When a job is submitted after this, its jobid will have .biology on the end: 14.napali.biology. If display_job_server_suffix is set to false, it would be named 14.biology.

job_sync_timeout
Format <INTEGER>
Default 60
Description When a stray job is reported on multiple nodes, the server sends a kill signal to one node at a time. This timeout determines how long the server waits between kills if the job is still being reported on any nodes.
keep_completed
Format <INTEGER>
Default

300

Description

The amount of time (in seconds) a job will be kept in the queue after it has entered the completed state. keep_completed must be set for job dependencies to work.

For more information, see Keeping Completed Jobs.

kill_delay
Format <INTEGER>
Default

If using qdel, 2 seconds

If using qrerun, 0 (no wait)

Description

Specifies the number of seconds between sending a SIGTERM and a SIGKILL to a job you want to cancel. It is possible that the job script, and any child processes it spawns, can receive several SIGTERM signals before the SIGKILL signal is received.

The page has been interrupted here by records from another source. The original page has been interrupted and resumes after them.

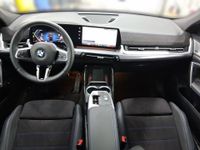 BMW X2 - Vorschau Bild 10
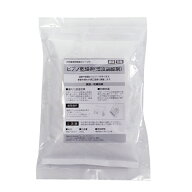 ピアノ用 乾燥剤 500g ピアノ用 湿度調整剤 次回調律時期案内シール付 ピアノ乾燥剤 調湿 防錆 日本製 シ…
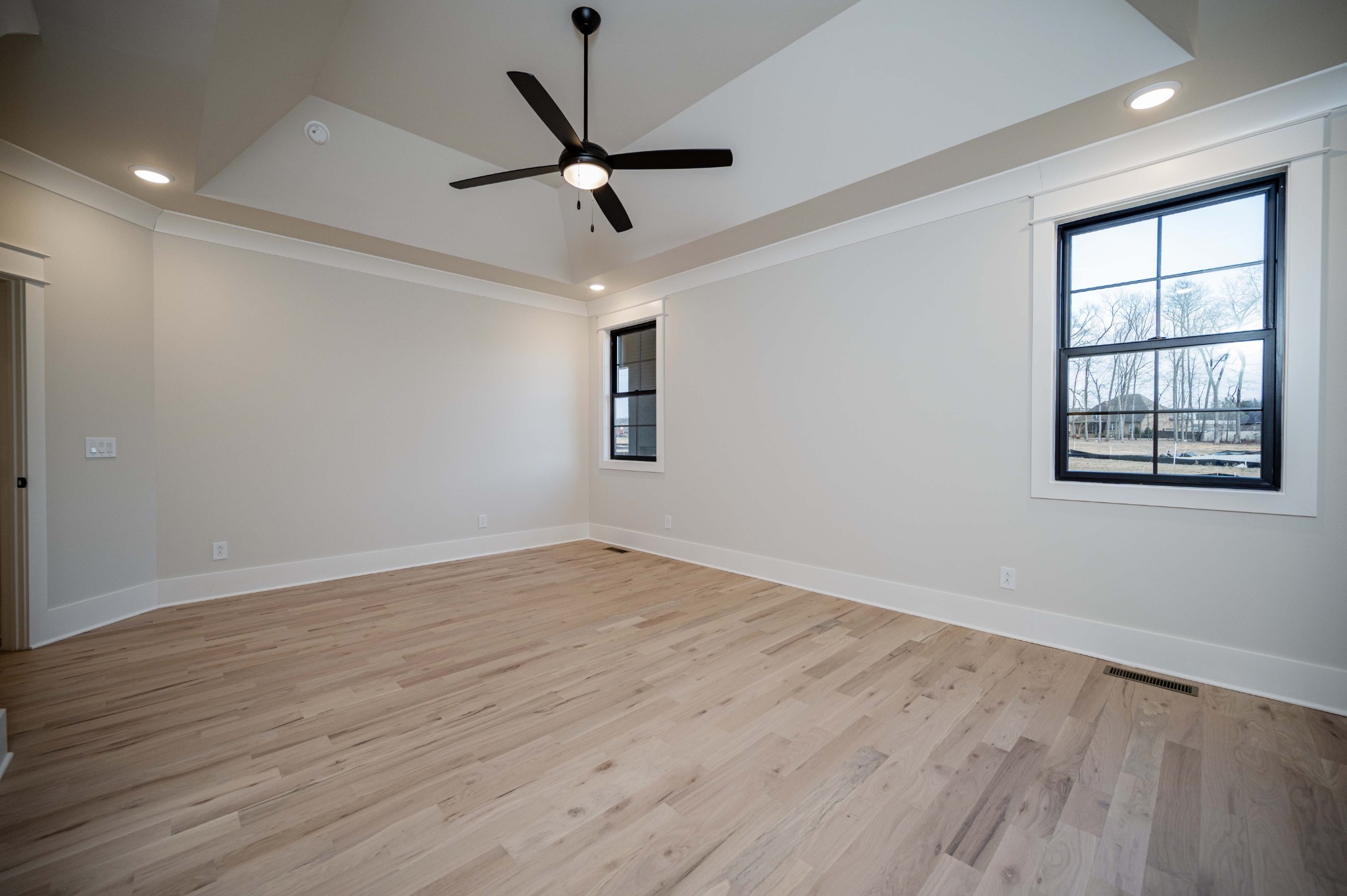 2829 Canfield Drive Murfreesboro TN 37128
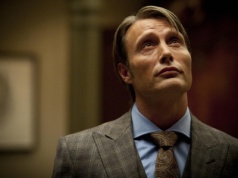 Serial Hannibal powróci z nowym sezonem? Bryan Fuller o szansach na kontynuację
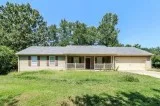 Welcome to 1870 Chadwick Dr Cumming GA 30028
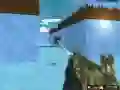 Гаме Blocky SWAT Pucanje Ledeni Svet Mrežni Igrač онлајн Гаме Blocky SWAT Pucanje Ledeni Svet Mrežni Igrač онлајн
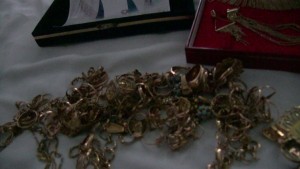 12168532_452856404839271_1086164347_o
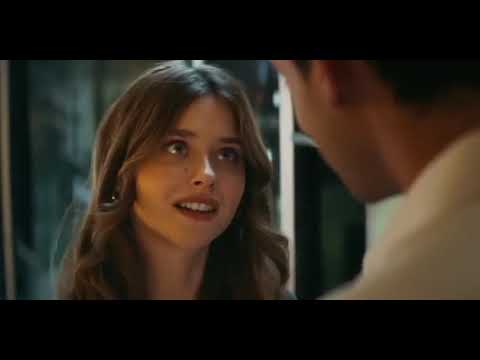 Culpa Mia (My Fault)  part 3 Hindi dubbed#myfault#hollywoodmovies#action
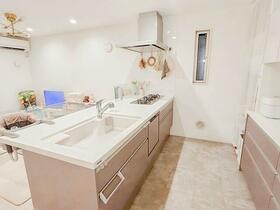 埼玉県さいたま市大宮区浅間町１丁目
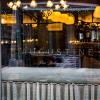 Отель The Beekman, A Thompson Hotel, by Hyatt, фото 13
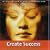 Create Success (Brain Wave Subliminal) (Brain Sync audios)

All MOMs must be configured with $exec_with_exec true in order for kill_delay to work, even when relying on default kill_delay settings.

If kill_delay is set for a queue, the queue setting overrides the server setting. See kill_delay in 5.645 Queue Attributes.

Example

qmgr -c "set server kill_delay=30"

legacy_vmem
Format <BOOLEAN>
Default

FALSE

Description

When set to true, the vmem request will be the amount of memory requested for each node of the job. When it is unset or false, vmem will be the amount of memory for the entire job and will be divided accordingly

lock_file
Format <STRING>
Default torque/server_priv/server.lock
Description

Specifies the name and location of the lock file used to determine which high availability server should be active.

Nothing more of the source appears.